Collected data
━━━
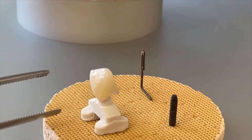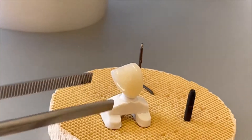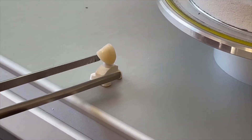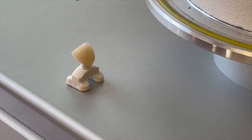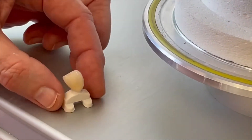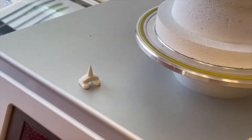Andrea shows us the crown, which looks very, very excellent after the first layering — only one layer. Now we have the last step: to go with the glazing.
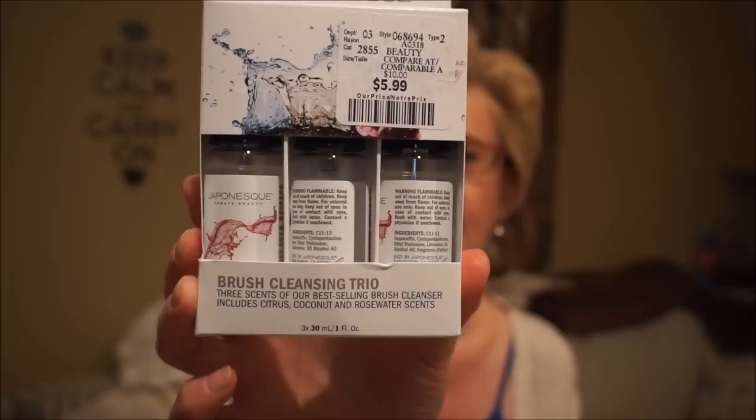I previously bought this Japanese brush cleansing trio and was hunting everywhere to find it again. They're great for traveling - each is one ounce. You spray it onto your brushes, rub against a towel, and it instantly dries. There are three different scents: citrus, coconut, and rose water. Unlike similar alcohol-based cleaners where you can smell the alcohol, these dry down smelling wonderful - like citrus, coconut, and rose. They clean really well. Six dollars for all three.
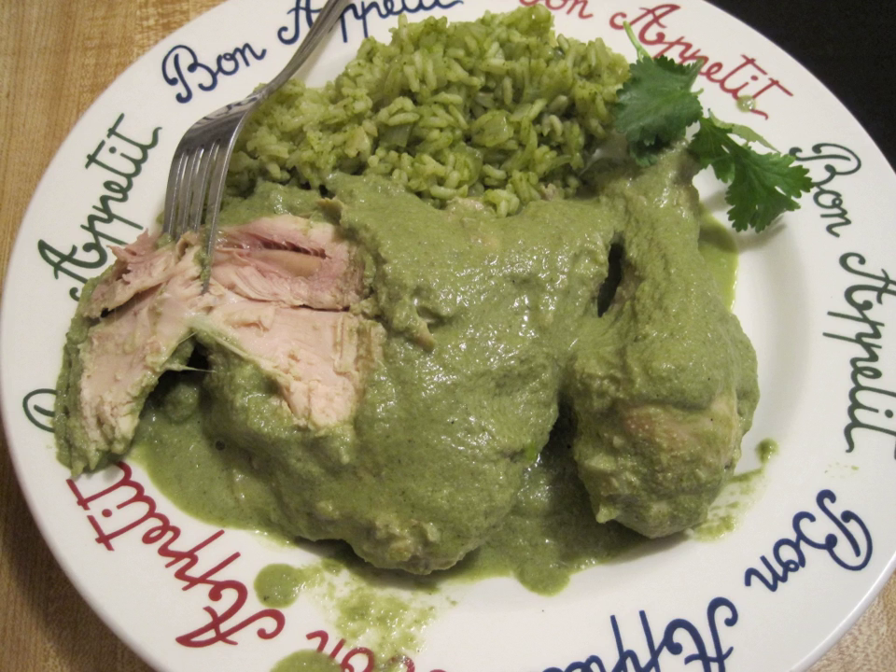Calabasitas con puerco is a traditional dish in Mexican cuisine. It consists of pork that is sautéed in butter, oil or in its own fat. Garlic, onion, black pepper, salt and chilies are added, and left on fire until everything is cooked.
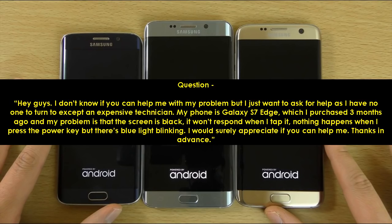Hey guys. I don't know if you can help me with my problem but I just want to ask for help as I have no one to turn to except an expensive technician. My phone is Galaxy S7 Edge, which I purchased 3 months ago, and my problem is that the screen is black. It won't respond when I tap it. Nothing happens when I press the power key but there's blue light blinking. I would surely appreciate if you can help me. Thanks in advance.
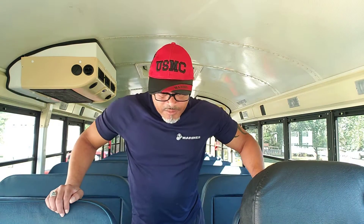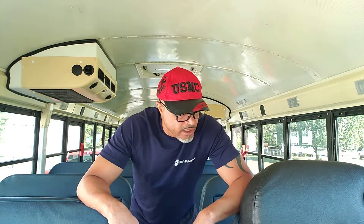I did not have the attachment I needed to attach the socket to my impact driver, so two trips to Lowe's later, now we're about ready to get started.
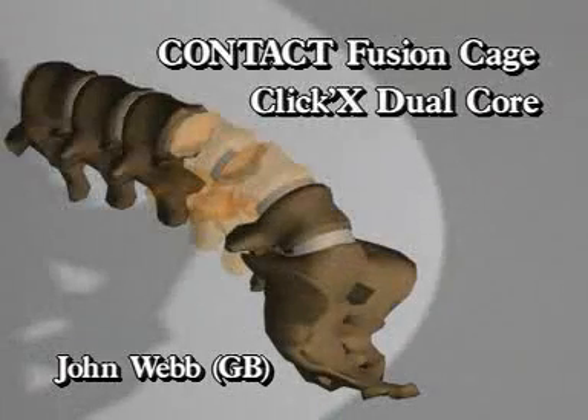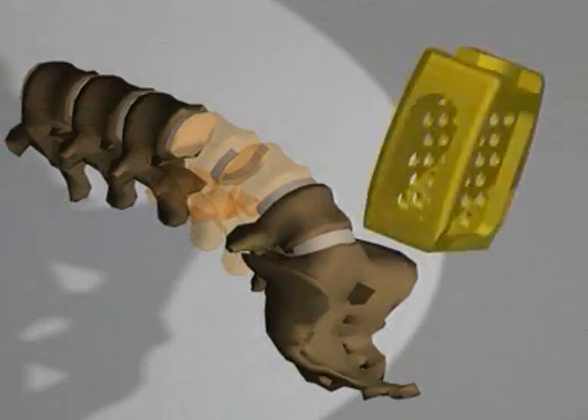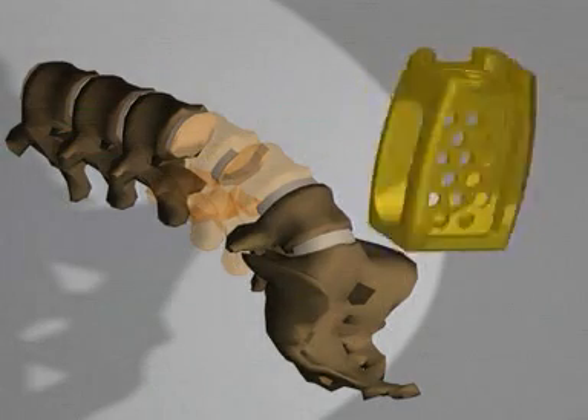The Contact Fusion Cage and Cliquex Dual Core. The posterior approach to the intervertebral disc space requires small implants that fit through the small approach channels, thus avoiding problems with nerves and vessels.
━━━
### Task brief
What lines above run from the one with "Calabasitas con puerco" to the one with "I did not have"? Give them again exactly, ends included, and leave the pictures out.

### Completed task
Calabasitas con puerco is a traditional dish in Mexican cuisine. It consists of pork that is sautéed in butter, oil or in its own fat. Garlic, onion, black pepper, salt and chilies are added, and left on fire until everything is cooked.
Hey guys. I don't know if you can help me with my problem but I just want to ask for help as I have no one to turn to except an expensive technician. My phone is Galaxy S7 Edge, which I purchased 3 months ago, and my problem is that the screen is black. It won't respond when I tap it. Nothing happens when I press the power key but there's blue light blinking. I would surely appreciate if you can help me. Thanks in advance.
I did not have the attachment I needed to attach the socket to my impact driver, so two trips to Lowe's later, now we're about ready to get started.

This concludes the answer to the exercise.